Hannah e Nathan (il secondo marito) desiderano che i figli studino, ma sanno che proprio quella formazione istituzionale che riceveranno li allontanerà per sempre da loro. Infatti tutti e tre i figli lasceranno presto quel piccolo centro di uno Stato del Sud per stabilirsi nelle megalopoli del grande business.

Hannah e Nathan li vedono cambiare: i figli vengono di rado a trovarli, hanno tutti situazioni familiari complicate a causa dei ritmi di vita, della frammentazione sociale che subiscono, del lavoro che sconvolge tutto: affetti, amicizie, parentele.

E alla fine non resta più niente: si sfilacciano i rapporti logorati dal non detto, dal non poter dire, perché non c’è tempo, e non c’è perché “il tempo è denaro”.

Muore anche Nathan, il secondo marito, e Hannah, ormai anziana e stanca trascorre la vecchiaia nella sua fattoria del Kentucky ricordando le vicende della propria esistenza: “È stata lunga, è stata dura, è stata bella”. Sempre in campagna, a contatto con la terra. È questo un po' il fulcro del romanzo, il legame con la terra e tra le persone che vi sono legate.
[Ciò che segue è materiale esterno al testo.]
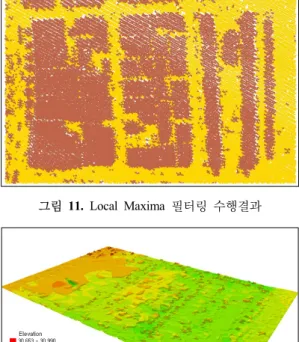 그림 12. Local Maxima 를 이용하여 제작된 DEM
Invece lo scrittore drammaturgo  francese Pierre du Ryer (1605 – 1658), nella tragi-commedia del 1636  titolata  “Cleomedonte”,  fa dire ad Argire (regina, madre di Celiante e Cleomedonte): “… e come un cuore giovane è presto infiammato, / mi ha visto, mi ha amato, ho visto lui, l'ho amato. / Si avvicina a me, mi parla con altrettanti incantesimi / che ha nascosto con finta e mi ha preparato con le lacrime. / Ma non ha avuto difficoltà a conquistare il mio cuore, / dal momento che già il suo occhio era il vincitore” (atto I, scena I, versi 171 – 176).

In altre parole, ti amo da molto tempo. Da quando ti ho visto ho cessato di essere me stessa. Mi sembra che fin dal primo momento ti avrei seguito, se tu mi avessi chiamata. 

Il cardinale Gianfranco Ravasi in un suo noto articolo pubblicato più volte su vari giornali riflette sulla frase “mi ha visto, mi ha amato, ho visto lui, l'ho amato”, ed ha scritto:
“È il cosiddetto "colpo di fulmine" che travolge due persone che fino a quel momento si ignoravano e che ora divengono ‘una sola carnei, come si dice nella Genesi (2,24).

La donazione d'amore, totale, pronto a giungere a quell'apice che Gesù ha tratteggiato in modo folgorante nel Cenacolo, nell'ultima sera della sua vita terrena: ‘Non c'è amore più grande di chi dà la vita per la persona che ama’ (Giovanni 15,13).

"L'amore perfetto va anche oltre la legge dell'amare il prossimo come se stessi (Levitico 19,18), perché ama l'altro  con dedizione.
Questo antico ideale è così diverso dal comportamento contemporaneo
”.

Inoltre, il cardinal Ravasi evidenzia che ormai “l'innamoramento è un incontro superficiale, un contatto di pelle e non certo un dialogo di anime. Tutto si consuma ben presto e si riduce a una fra le tante 'esperienze'. Oppure si rivela un mero possesso che scatena non passione, ma solo gelosia e persino violenza, come spesso accade. È necessario, allora, educare ancora all'amore autentico perché, quando lo si incrocia nell'esistenza lo si scopra in tutto il suo fascino e bellezza, in tutta la sua pienezza vitale”.